Há apenas três mil bordadeiras na Madeira

Na década de 80 do século passado, havia ainda mais de 30 mil bordadeiras na região.FOTO RUI MAROTE
Na década de 80 do século passado, havia ainda mais de 30 mil bordadeiras na região.FOTO RUI MAROTE

Dedal, agulha, tesoura ao pescoço, mãos hábeis e muito empenho são elementos fundamentais para a produção do bordado Madeira, artigo mundialmente famoso desde o século XIX e que três mil mulheres espalhadas pela ilha insistem em manter na ribalta.

“Quem já bordou ou teve alguém na família que bordou, sabe dar valor a isto, mas os que nunca bordaram não dão valor”, disse à agência Lusa Lídia Pontes, uma bordadeira já reformada, residente no concelho da Ponta do Sol (zona oeste da Madeira).

Como tantas mulheres da sua geração, ela começou a bordar em criança, mal terminou a terceira classe.

“Naquele tempo, as raparigas bordavam para o mealheiro, para depois partir para comprar o dote.

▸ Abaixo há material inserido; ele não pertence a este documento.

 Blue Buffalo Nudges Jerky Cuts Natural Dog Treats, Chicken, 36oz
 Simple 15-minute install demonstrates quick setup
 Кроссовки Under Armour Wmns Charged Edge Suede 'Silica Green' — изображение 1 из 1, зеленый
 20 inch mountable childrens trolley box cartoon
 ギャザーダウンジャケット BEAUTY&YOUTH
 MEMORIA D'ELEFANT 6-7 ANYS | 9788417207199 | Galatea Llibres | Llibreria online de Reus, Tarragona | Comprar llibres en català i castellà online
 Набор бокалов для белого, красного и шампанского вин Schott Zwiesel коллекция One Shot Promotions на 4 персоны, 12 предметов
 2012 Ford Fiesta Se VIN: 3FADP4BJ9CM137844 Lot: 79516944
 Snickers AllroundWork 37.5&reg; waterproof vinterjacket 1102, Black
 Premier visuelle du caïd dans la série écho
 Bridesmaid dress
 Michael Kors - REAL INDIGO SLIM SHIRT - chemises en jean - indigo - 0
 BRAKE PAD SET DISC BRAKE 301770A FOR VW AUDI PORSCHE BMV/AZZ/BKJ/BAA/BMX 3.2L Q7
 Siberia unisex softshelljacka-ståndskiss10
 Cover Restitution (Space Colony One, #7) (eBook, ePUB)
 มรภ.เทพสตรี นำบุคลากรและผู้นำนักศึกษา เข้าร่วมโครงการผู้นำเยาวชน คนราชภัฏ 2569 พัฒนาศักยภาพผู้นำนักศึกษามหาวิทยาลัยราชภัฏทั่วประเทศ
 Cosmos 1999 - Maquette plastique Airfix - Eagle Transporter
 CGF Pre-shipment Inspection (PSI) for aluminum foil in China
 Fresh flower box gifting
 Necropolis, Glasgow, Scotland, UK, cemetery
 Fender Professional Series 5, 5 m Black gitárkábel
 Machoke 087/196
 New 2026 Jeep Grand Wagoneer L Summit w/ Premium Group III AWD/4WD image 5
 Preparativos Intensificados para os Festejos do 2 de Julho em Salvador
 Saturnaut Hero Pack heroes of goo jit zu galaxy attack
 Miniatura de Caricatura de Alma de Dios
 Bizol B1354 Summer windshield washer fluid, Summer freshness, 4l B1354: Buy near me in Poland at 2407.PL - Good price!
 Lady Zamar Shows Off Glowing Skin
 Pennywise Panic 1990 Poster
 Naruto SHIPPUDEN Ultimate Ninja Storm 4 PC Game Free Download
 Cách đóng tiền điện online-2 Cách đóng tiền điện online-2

Todo o mundo quando se casava já tinha uma mala cheia de lençóis e colchas e cobertores e tudo o que era preciso para a mulher. E era tudo à conta dos bordados”, explicou.

Lídia Pontes costuma deslocar-se amiúde ao antigo moinho de água do sítio da Lombada, que foi recuperado pela autarquia local e serve agora de “atelier”, sob a responsabilidade de Maria Ganança, já com 71 anos, que ganhou fama na região como bordadeira exímia e também como dirigente sindical do sector.

“Comecei a bordar com uns 10 anos e mesmo antes de acabar a escola já fazia granitos e ponto de corda”, contou, vincando que antigamente todo o dinheiro com que as mulheres podiam contar provinha dos bordados, pelo que ficavam a puxar linhas pela noite dentro até de madrugada.

A origem do bordado Madeira remonta ao início do povoamento da ilha, no século XV, mas produto só ganhou fama internacional no século XIX, quando o número de bordadeiras terá atingido 70 mil.

Na década de 80 do século passado, havia ainda mais de 30 mil bordadeiras na região, mas actualmente o Instituto do Vinho, do Bordado e do Artesanato da Madeira (IVBAM) tem registo de apenas três mil, sendo que o produto é exportado sobretudo para os Estados Unidos, Itália e Inglaterra.

“Isto já foi uma indústria bastante grande, mas agora está de arrastos”, disse Maria Ganança, que, no entanto, insiste em ensinar “de graça” a arte de bordar, porque tem “pavor” que o bordado acabe, mas também “esperança” de que um dia ele renasça.

As três mulheres que estavam com ela no moinho concordaram, mas dizem-se conscientes de que as novas gerações não mostram interesse pela arte, feita à custa de muito ponto de corda, caseado, bastido, pesponto, “richelieu”, ponto francês, granitos e outros.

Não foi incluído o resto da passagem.